Web page caption snippets:
------------------------------------------------
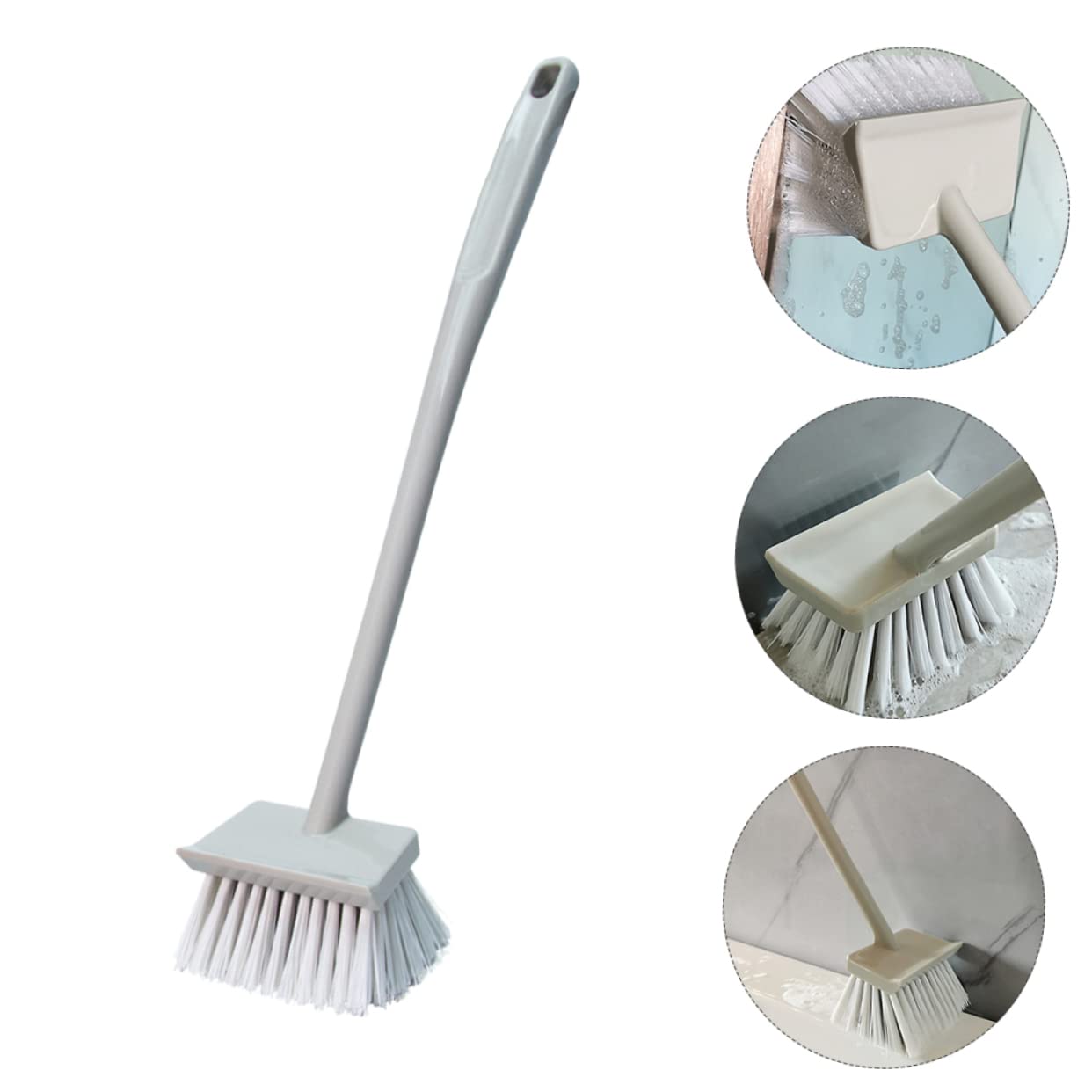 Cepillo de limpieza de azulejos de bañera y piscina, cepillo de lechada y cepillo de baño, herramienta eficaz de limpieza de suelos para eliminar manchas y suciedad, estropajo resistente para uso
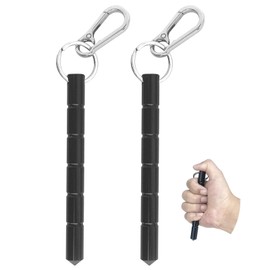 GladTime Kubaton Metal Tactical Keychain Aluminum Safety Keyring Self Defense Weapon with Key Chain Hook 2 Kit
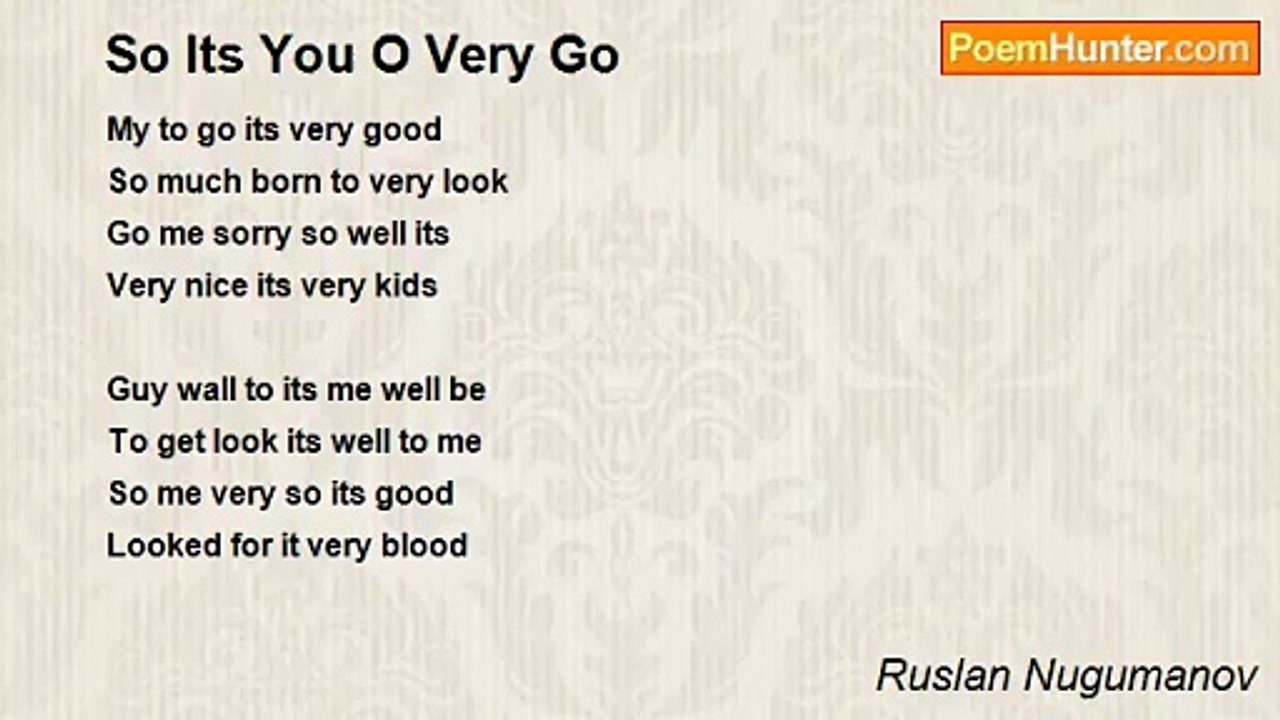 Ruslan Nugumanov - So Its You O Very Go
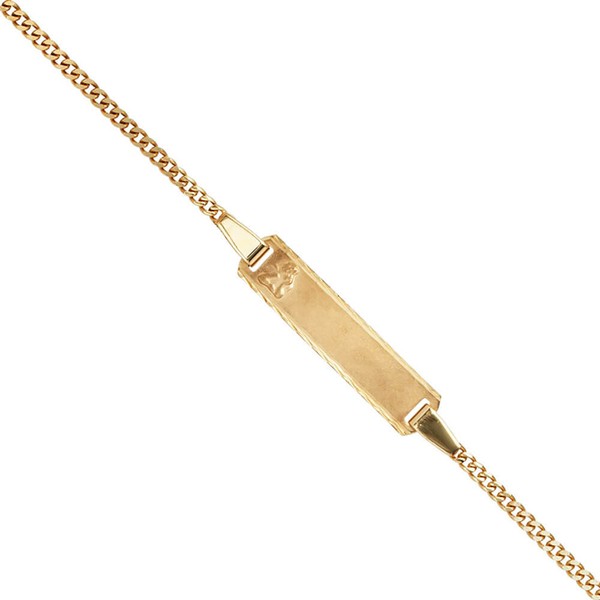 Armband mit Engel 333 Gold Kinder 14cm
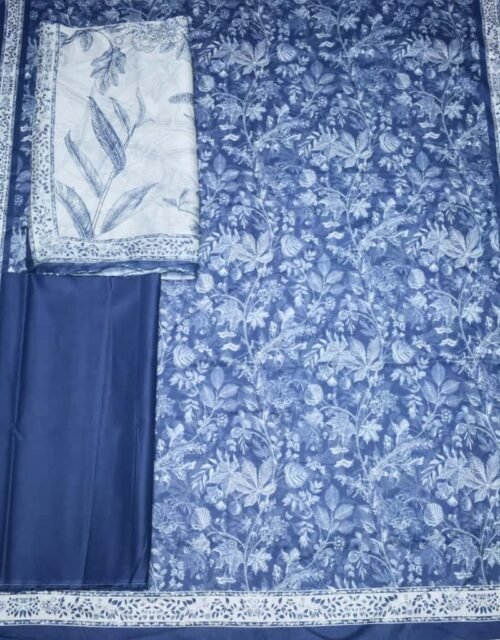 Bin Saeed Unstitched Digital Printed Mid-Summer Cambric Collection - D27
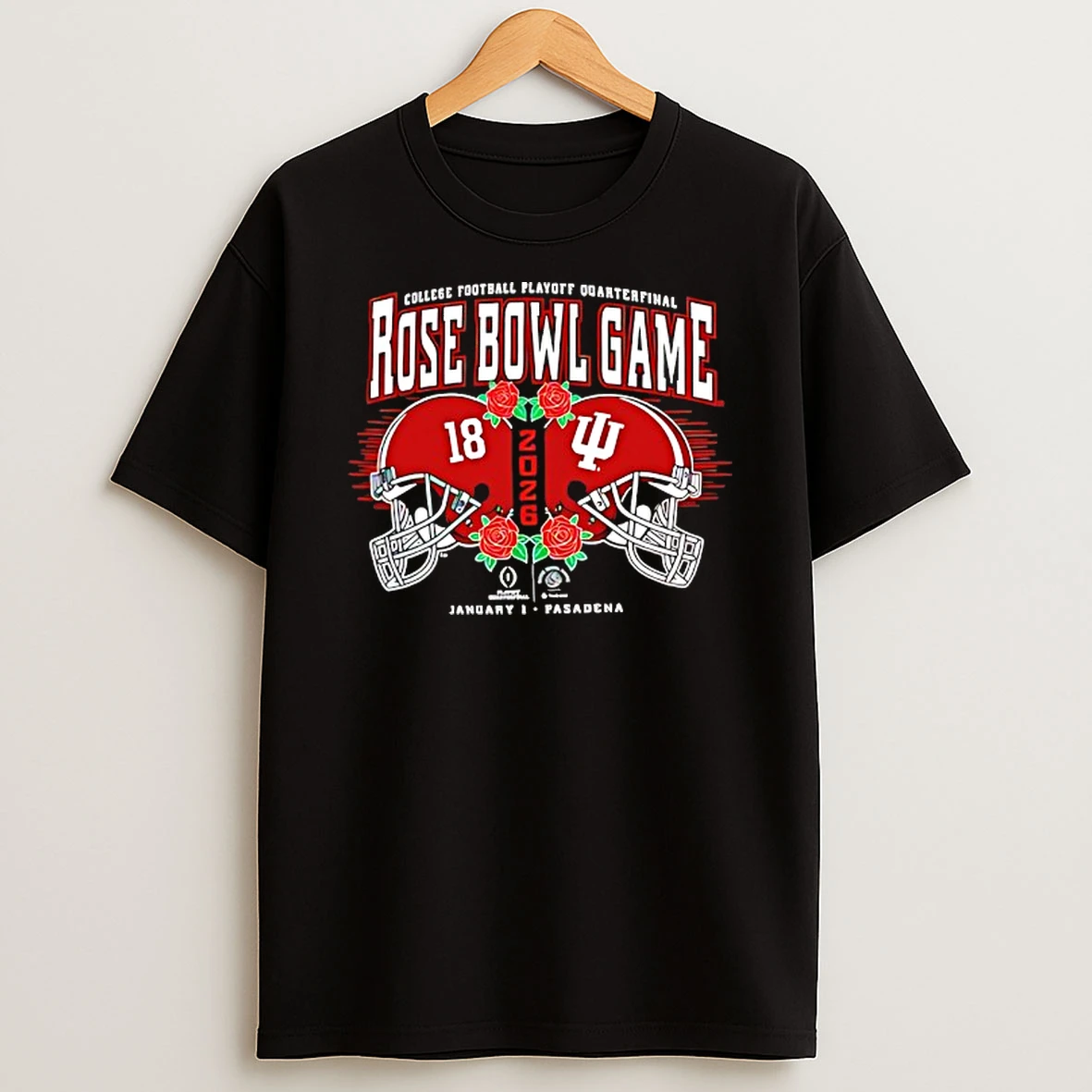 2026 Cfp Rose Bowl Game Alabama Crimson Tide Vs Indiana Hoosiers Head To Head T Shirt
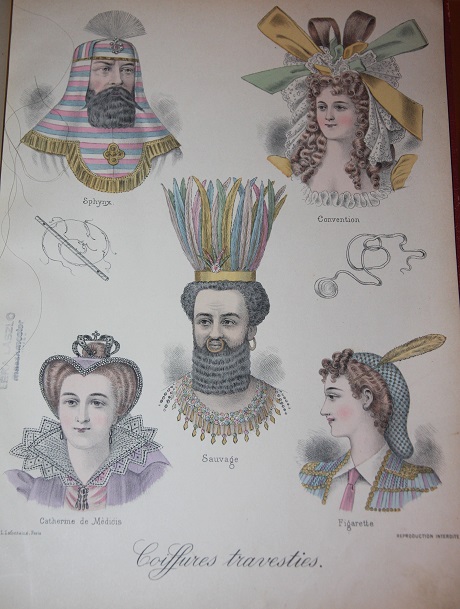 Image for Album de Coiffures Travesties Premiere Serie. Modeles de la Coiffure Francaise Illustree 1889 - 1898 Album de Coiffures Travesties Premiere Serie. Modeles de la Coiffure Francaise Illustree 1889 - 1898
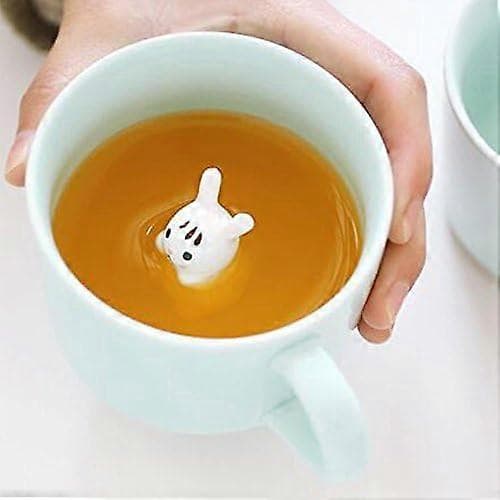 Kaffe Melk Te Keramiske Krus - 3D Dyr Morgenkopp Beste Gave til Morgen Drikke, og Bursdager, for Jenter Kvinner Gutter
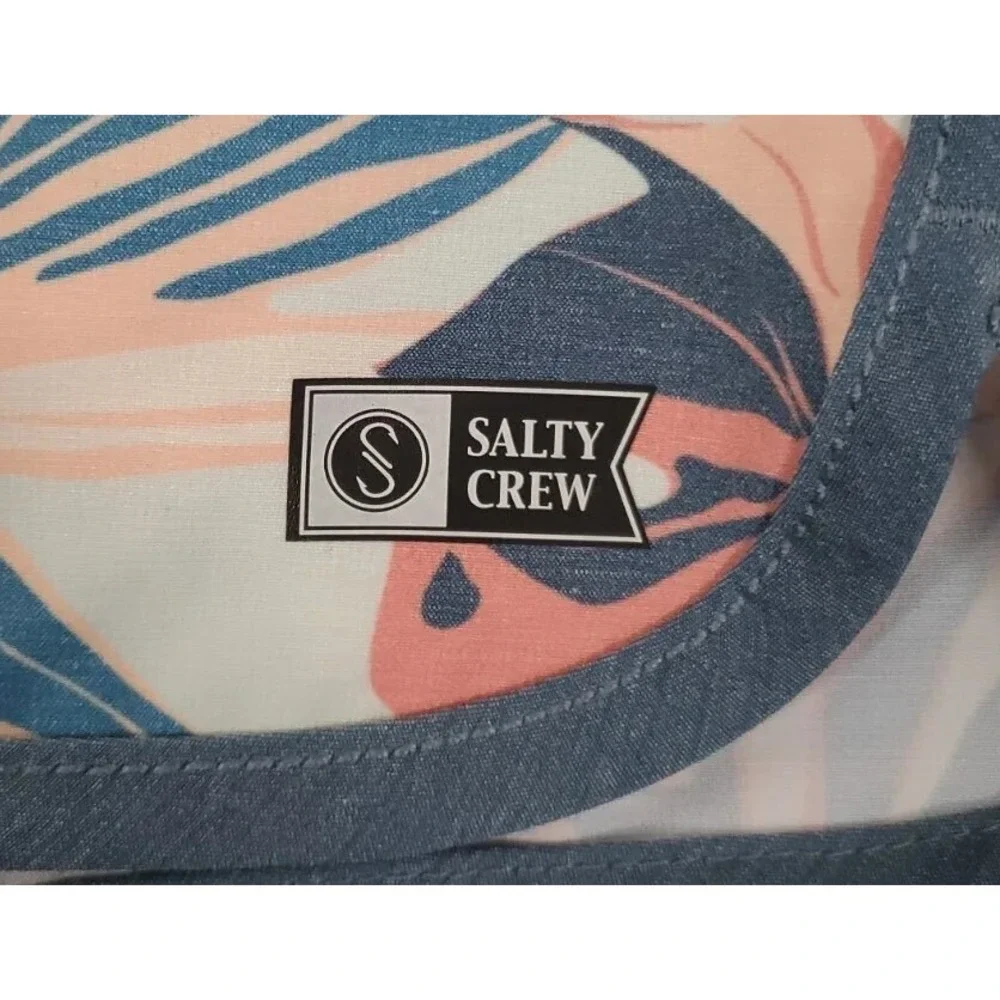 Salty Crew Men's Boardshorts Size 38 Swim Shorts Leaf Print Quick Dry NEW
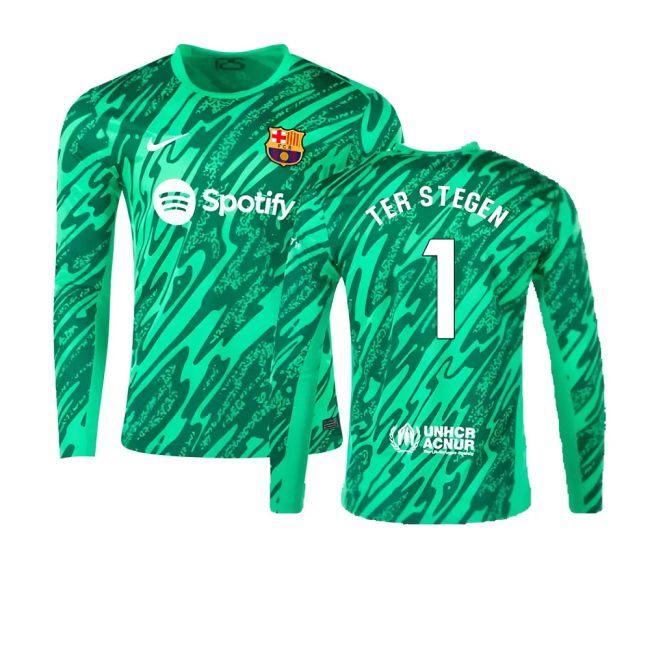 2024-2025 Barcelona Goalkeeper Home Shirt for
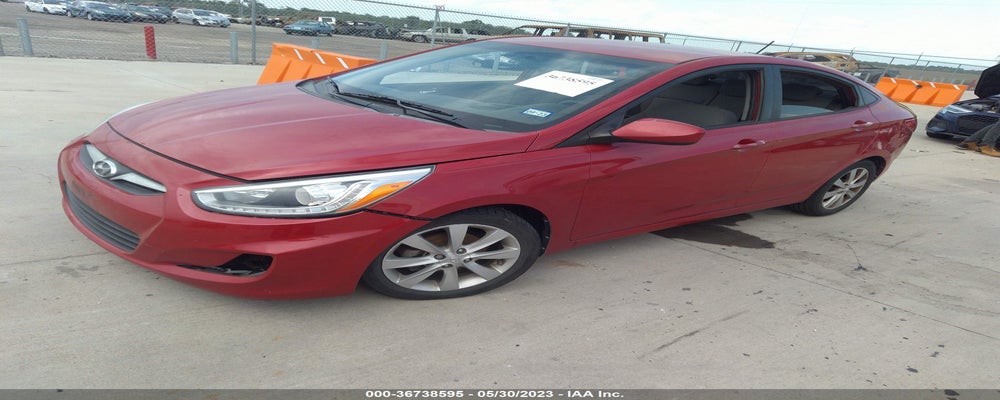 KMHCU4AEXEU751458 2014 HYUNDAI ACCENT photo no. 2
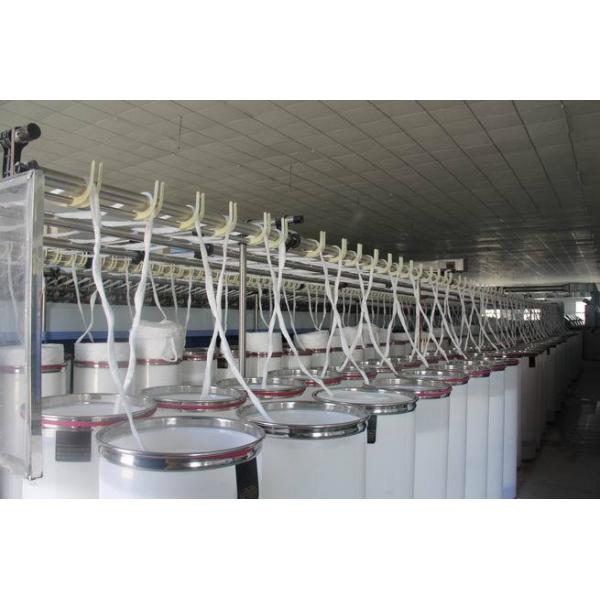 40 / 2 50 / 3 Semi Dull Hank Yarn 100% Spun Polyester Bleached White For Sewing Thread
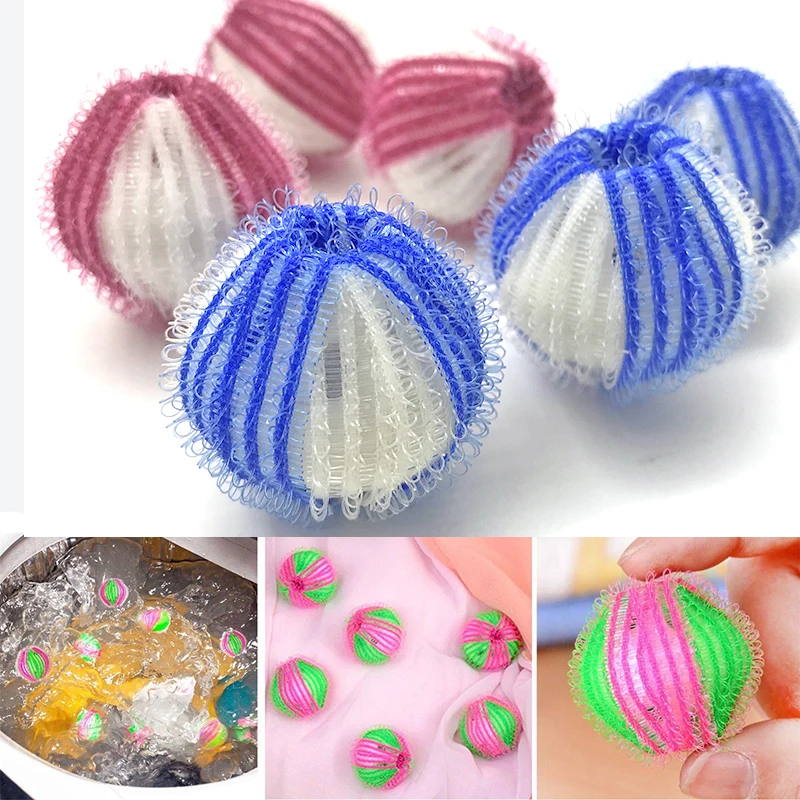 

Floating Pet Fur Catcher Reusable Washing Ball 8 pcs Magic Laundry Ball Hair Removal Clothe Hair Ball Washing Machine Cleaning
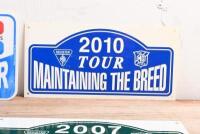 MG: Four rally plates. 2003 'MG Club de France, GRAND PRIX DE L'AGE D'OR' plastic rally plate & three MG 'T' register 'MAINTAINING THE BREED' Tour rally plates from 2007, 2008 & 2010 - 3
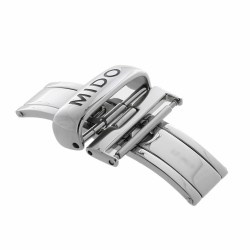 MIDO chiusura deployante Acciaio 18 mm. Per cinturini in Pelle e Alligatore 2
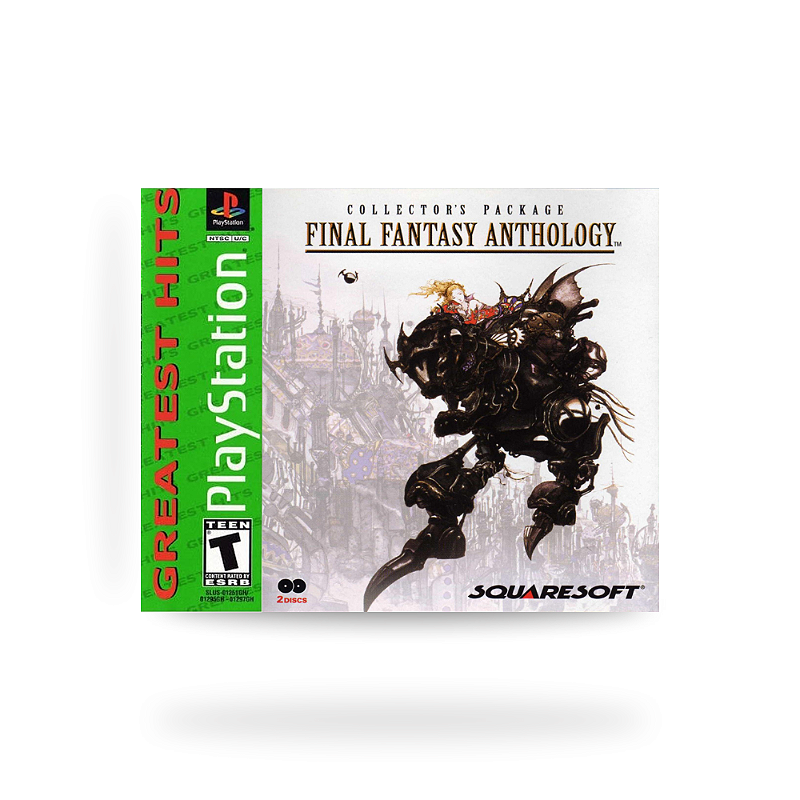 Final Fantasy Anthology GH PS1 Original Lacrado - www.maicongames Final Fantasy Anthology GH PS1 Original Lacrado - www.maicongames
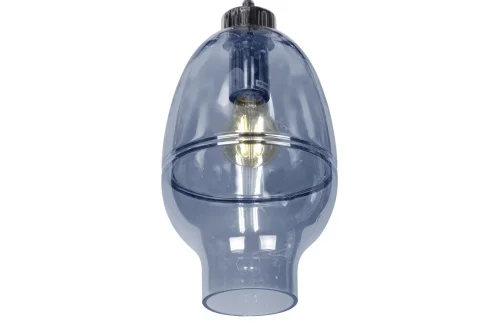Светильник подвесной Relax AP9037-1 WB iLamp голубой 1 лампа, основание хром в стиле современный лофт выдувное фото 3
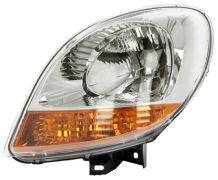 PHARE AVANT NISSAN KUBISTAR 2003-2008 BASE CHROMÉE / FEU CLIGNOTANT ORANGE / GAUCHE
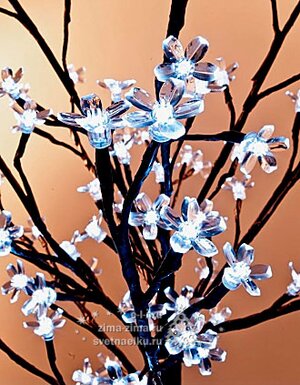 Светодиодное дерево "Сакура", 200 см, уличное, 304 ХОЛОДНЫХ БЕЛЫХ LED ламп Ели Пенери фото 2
------------------------------------------------
• **TASK DESCRIPTION**:
Leaving all pictures aside, quote each record exactly.

• **SOLUTION**:
 Cepillo de limpieza de azulejos de bañera y piscina, cepillo de lechada y cepillo de baño, herramienta eficaz de limpieza de suelos para eliminar manchas y suciedad, estropajo resistente para uso
 GladTime Kubaton Metal Tactical Keychain Aluminum Safety Keyring Self Defense Weapon with Key Chain Hook 2 Kit
 Ruslan Nugumanov - So Its You O Very Go
 Armband mit Engel 333 Gold Kinder 14cm
 Bin Saeed Unstitched Digital Printed Mid-Summer Cambric Collection - D27
 2026 Cfp Rose Bowl Game Alabama Crimson Tide Vs Indiana Hoosiers Head To Head T Shirt
 Image for Album de Coiffures Travesties Premiere Serie. Modeles de la Coiffure Francaise Illustree 1889 - 1898 Album de Coiffures Travesties Premiere Serie. Modeles de la Coiffure Francaise Illustree 1889 - 1898
 Kaffe Melk Te Keramiske Krus - 3D Dyr Morgenkopp Beste Gave til Morgen Drikke, og Bursdager, for Jenter Kvinner Gutter
 Salty Crew Men's Boardshorts Size 38 Swim Shorts Leaf Print Quick Dry NEW
 2024-2025 Barcelona Goalkeeper Home Shirt for
 KMHCU4AEXEU751458 2014 HYUNDAI ACCENT photo no. 2
 40 / 2 50 / 3 Semi Dull Hank Yarn 100% Spun Polyester Bleached White For Sewing Thread

Floating Pet Fur Catcher Reusable Washing Ball 8 pcs Magic Laundry Ball Hair Removal Clothe Hair Ball Washing Machine Cleaning
 MG: Four rally plates. 2003 'MG Club de France, GRAND PRIX DE L'AGE D'OR' plastic rally plate & three MG 'T' register 'MAINTAINING THE BREED' Tour rally plates from 2007, 2008 & 2010 - 3
 MIDO chiusura deployante Acciaio 18 mm. Per cinturini in Pelle e Alligatore 2
 Final Fantasy Anthology GH PS1 Original Lacrado - www.maicongames Final Fantasy Anthology GH PS1 Original Lacrado - www.maicongames
Светильник подвесной Relax AP9037-1 WB iLamp голубой 1 лампа, основание хром в стиле современный лофт выдувное фото 3
 PHARE AVANT NISSAN KUBISTAR 2003-2008 BASE CHROMÉE / FEU CLIGNOTANT ORANGE / GAUCHE
 Светодиодное дерево "Сакура", 200 см, уличное, 304 ХОЛОДНЫХ БЕЛЫХ LED ламп Ели Пенери фото 2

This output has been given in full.